Quickly Analyze Large Objects in #SSAS Databases with WinDirStat
There are tons of solid free tools out there that make life much easier for SSAS developers. A while ago, I blogged about the Top FREE tools for SSAS 2012 Developers most of which I still use on a daily basis. But even that list is getting a bit stale with some new heavy hitters making a splash recently… I’m looking at you DAX Studio 2.x …and is in much need of an update.
In the meantime, I wanted to get a quick post out with a tool that I’ve been using for many years now, but never in conjunction with Analysis Services. In fact, the only time I’ve used it in the past was when trying to free up disk space on my workstations and the occasional server.

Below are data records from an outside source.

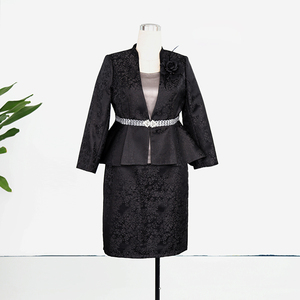 High Quality Black <b>Three</b>-piece Floral Formal Anti-wrinkle Button Painted Knee-Length Plus Size Women's Church Dress Suit for - Product Image 1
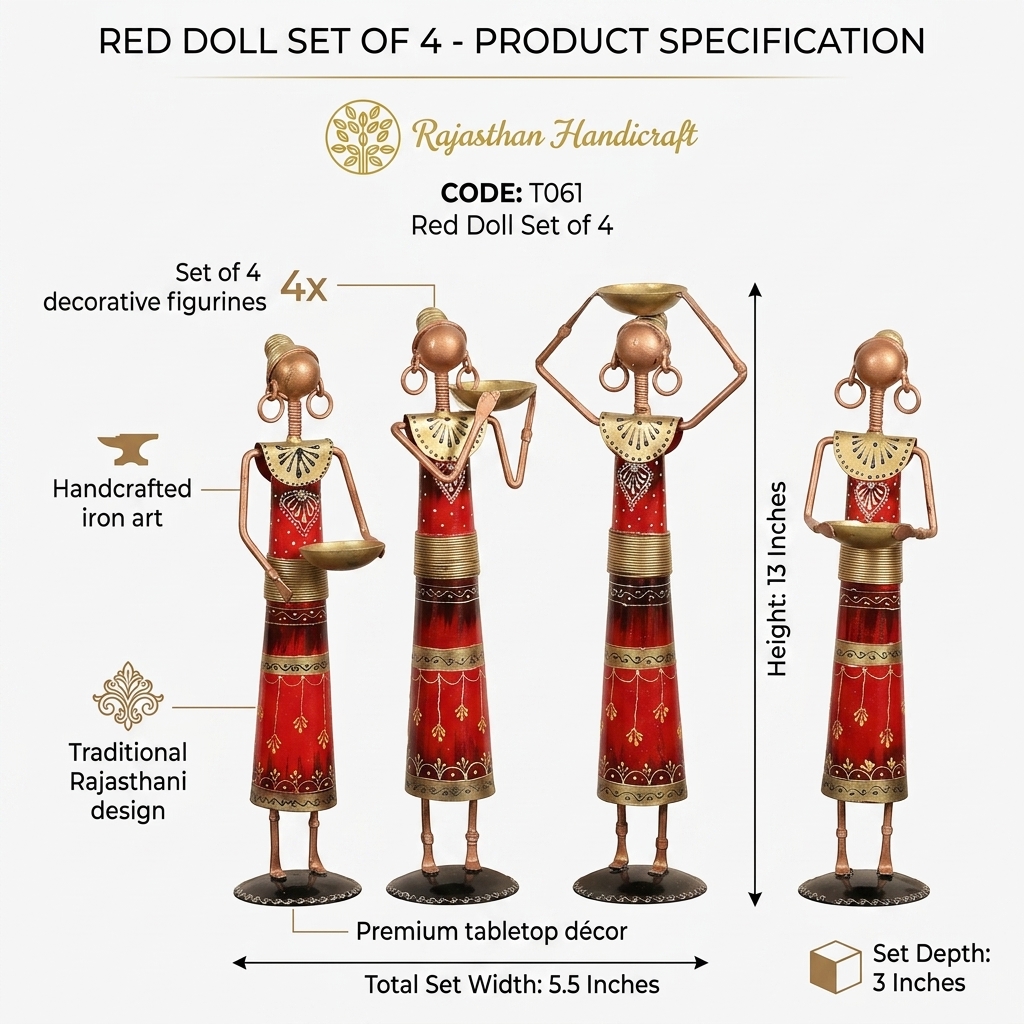 Red Rajasthani Doll Set of 4 | Handcrafted Iron Figurines & Traditional Table Decor - Image 9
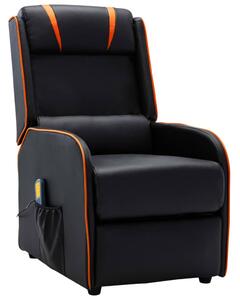 Rozkładany fotel masujący, czarno-pomarańczowy, sztuczna skróra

The tool is called WinDirStat which stands for Windows Directory Statistics. You can read up on the tool (here) before downloading it (here)…but the quick’n dirty is that this utility will crawl a hard drive (or specific folder) and create a hierarchical report (and interactive heat map) based on file sizes.
Below is a screenshot after running the utility on the C-drive of a VM I’m using. That big red square is a SQL Server data file (hey- it’s a DEV environment…save the spiel about sql data/log files on OS drives).
WinDirStat is a self contained executable (which pleases my inner-OCD-spirit) and is insanely simple to use…
You can even use it to map out a specific folder for which I’ve taken the liberty to point at one of the db directories in the Data directory of my local SSAS Tabular instance…
And just a few seconds later, we have the screenshot below…
The upper left window provides a hierarchical breakdown of folder/files in the target directory. Below is a closer look.
To the right (in the same upper-left window) are details providing various bits of information such as the absolute size of the folder contents, percent of total, and number of child items (broken out by folders and files which you can’t see in the screenshot above). You can also expand the nodes on the left to drill into the subfolders. For example, in the screenshot above, the folder corresponding to the ICD10 table is selected. This table has files that add up to 8.5MB in size. Being familiar with this model, I know that the majority of that size is due to the dictionary file for a large string-valued column in the table.
The upper right window (shown above) provides a breakdown of the file types and is always from the perspective of the highest level (simply meaning its not just looking at the files in the currently selected level in the upper left window).
Both of those screens are very informative but the way I prefer to use this tool is to drive the analysis from the heat map visualization in the bottom window…
Clicking on a block in the heat map auto-magically navigates to the exact file in the upper left window so you can quickly see which folder it rolls up under. You can also take a quick glance at the upper right window to see what type of file each block represents (they’re color-coded!).
Just the other day, I used this tool to discover a single column in my fact table was responsible for nearly 65% of the entire table size. Turns out this column was just an identity column for the clustered index in the source database and made its way over to the tabular model and isn’t being used in any of the measures or relationships so I could simply delete that column and reduce my model size by a substantial amount.
Note: when it comes to Tabular models, the file size on disk can be used to approximate the size in memory, but it’s definitely not 100% accurate. As a reference, I used Vertipaq Analyzer (which analyzes the size of tabular models in memory from queries against the DMVs) to review the object size in memory and found that the differences were only off by a very small amount.
- WinDirStat is a handy tool for mapping out the space-hogs in your Analysis Services databases.
- While this post focused on Tabular please rest assured it can also be used in a similar fashion for Multidimensional.
- There are other tools out there that may be more appropriate depending on accuracy-requirements and type of analysis you are looking to perform. Vertipaq Analyzer is a great example and absolutely worth checking out.